Image-text web data
===============

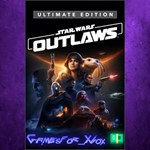 **Star Wars Outlaws Ultimate Edition XBOX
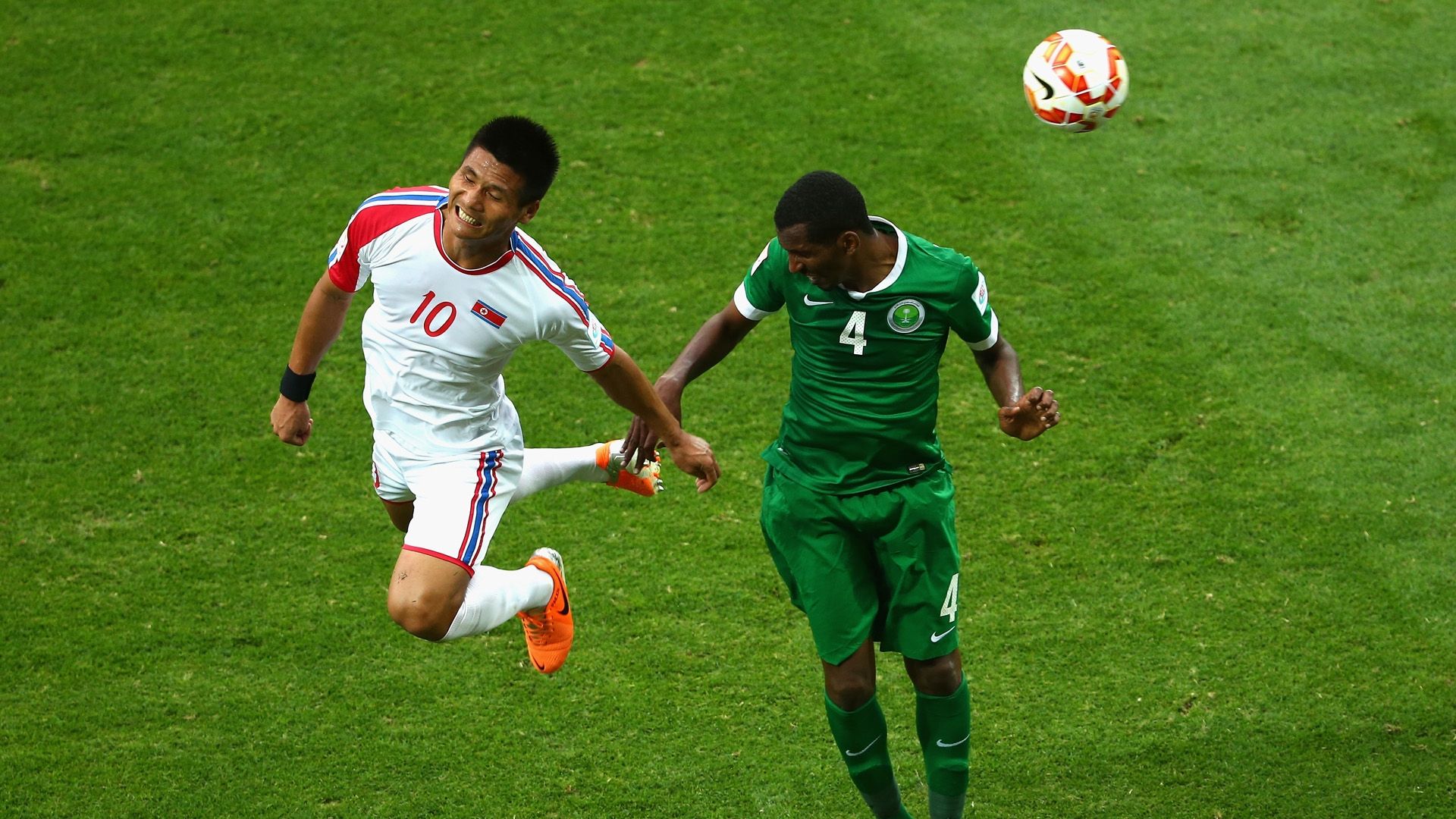 North Korea SADUI ARABIA ASIA CUP Melbourne Rectangular Stadium AAMI Park 01142015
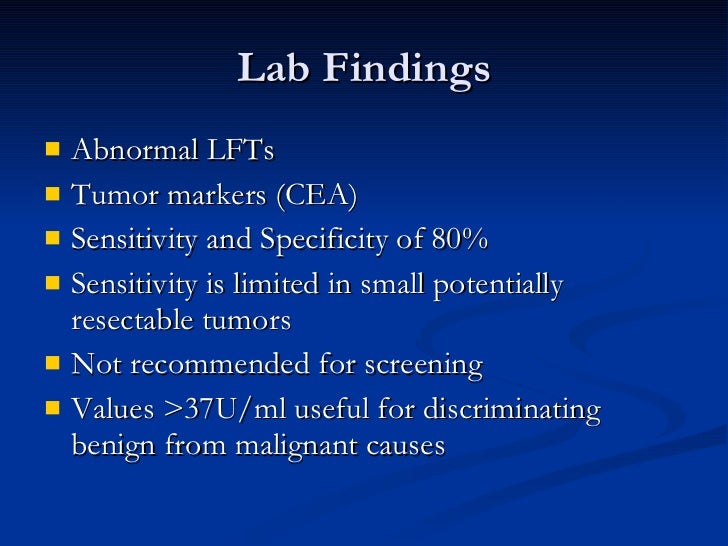 Diagnosis & Staging of Pancreatic Cancer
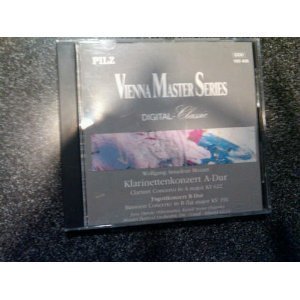 Clarinet Concerto in A major/Bassoon Concerto in B flat major [CD]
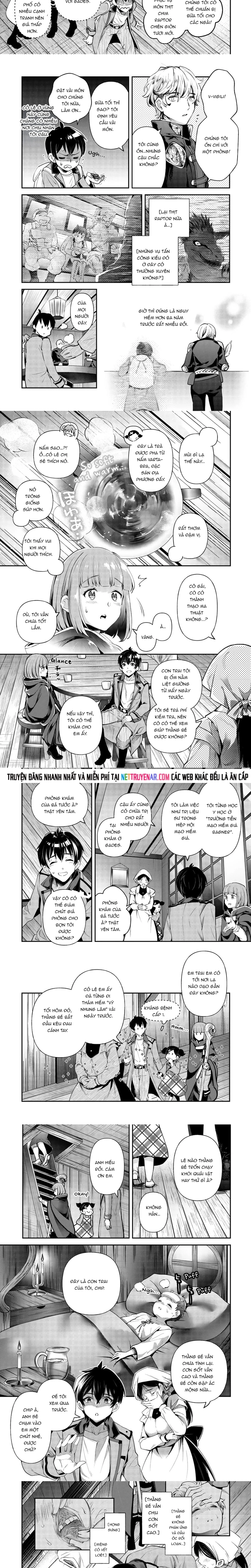 Ochikobore “1” Mahou Tsukai Wa, Kyou Mo Muishiki Ni Cheat Wo Tsukau Chapter 31 - Trang 2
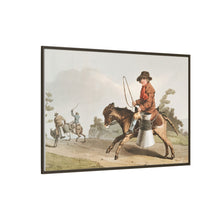 Illustration of the milk boy from The Costume of Yorkshire (1814) by George Walker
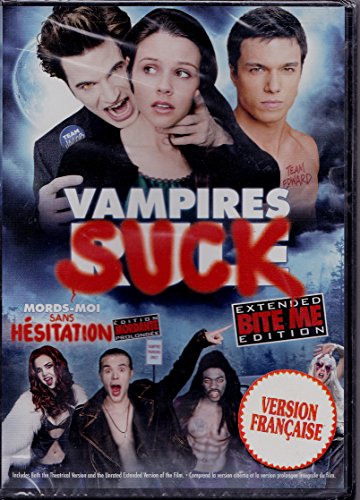 Bite Me Without Hesitation - Vampires Suck (English/French) 2010 (Widescreen Extended Biting Edition) Dubbed in Quebec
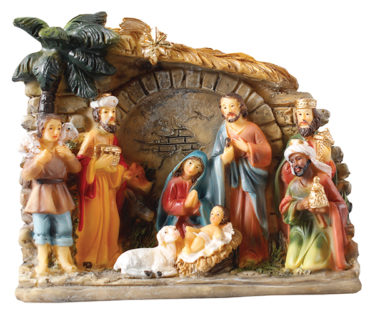 Resin Nativity 89552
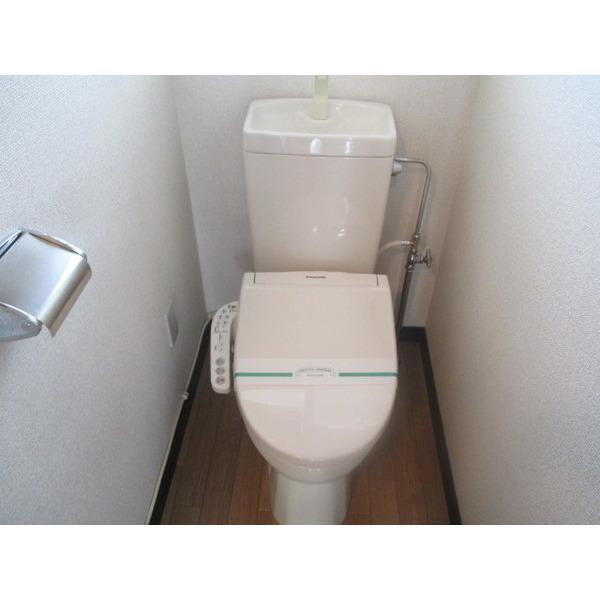 コーポ202B（203） トイレ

===============

Copy exactly, with no pictures, the lines from the line containing "Bite Me Without" through the last line of the records above.

 Bite Me Without Hesitation - Vampires Suck (English/French) 2010 (Widescreen Extended Biting Edition) Dubbed in Quebec
 Resin Nativity 89552
 コーポ202B（203） トイレ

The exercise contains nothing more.